Warm-up Your Shoulders

Place your right arm straight across your chest. Your left arm should be placed bent over your left arm with your left wrist resting on the back of the right arm above the elbow. Now use your left arm to press your right arm into your body and hold for 10 seconds and repeat three times. Switch arms.

Warm-up Your Legs with the Straddle Stretch (pictured, below)

Sit on the ground and spread your legs out to the sides in a straddle position. Bend your body over your right leg and hold for 10 seconds. Then bend your body straight in front of you and hold for 10 seconds. Finally bend your body over your left leg and hold for 10 seconds.

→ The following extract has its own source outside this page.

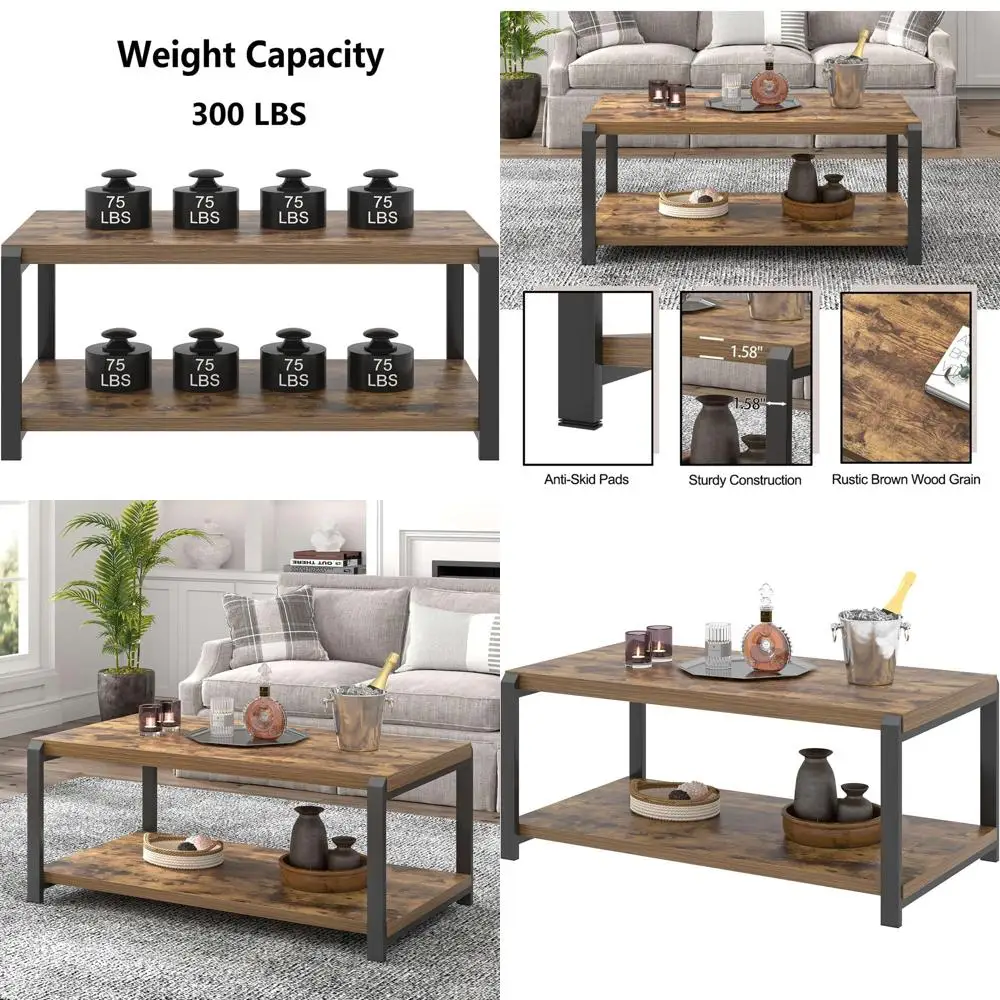 

Rustic Brown Industrial-Style Wood and Metal Center Table for Cocktail and Living Room Use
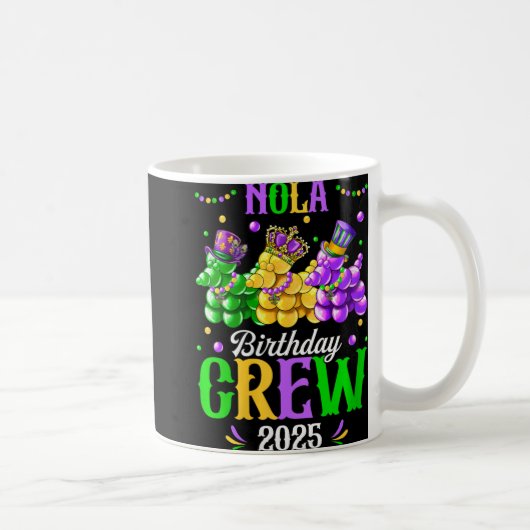Womens Nola Birthday Crew 2025 New Orleans Mardi G Koffiemok (Rechts)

Do this without bouncing to stretch your lower back, inner thighs and hamstrings.

Pitching Exercises

Pitchers need strong abdominal muscles and leg muscles for balance and they certainly need strength and endurance in their shoulder and arm for throwing the fast and consistent pitches.

Two important muscle groups that work to make this happen are the muscles of the rotator cuff and the deltoids.

Here is an easy exercise you can do to work out your deltoids.
¤ Deltoid Raises

Stand with your feet about hip-width apart. Keeping your abs tight and back straight, raise your arms up until they are parallel to the floor. This motion works the front part of the deltoid muscle. To work the side, or lateral, part, assume the same starting position and lift your arms to the side making a "T". Try each kind of deltoid raise 10 times.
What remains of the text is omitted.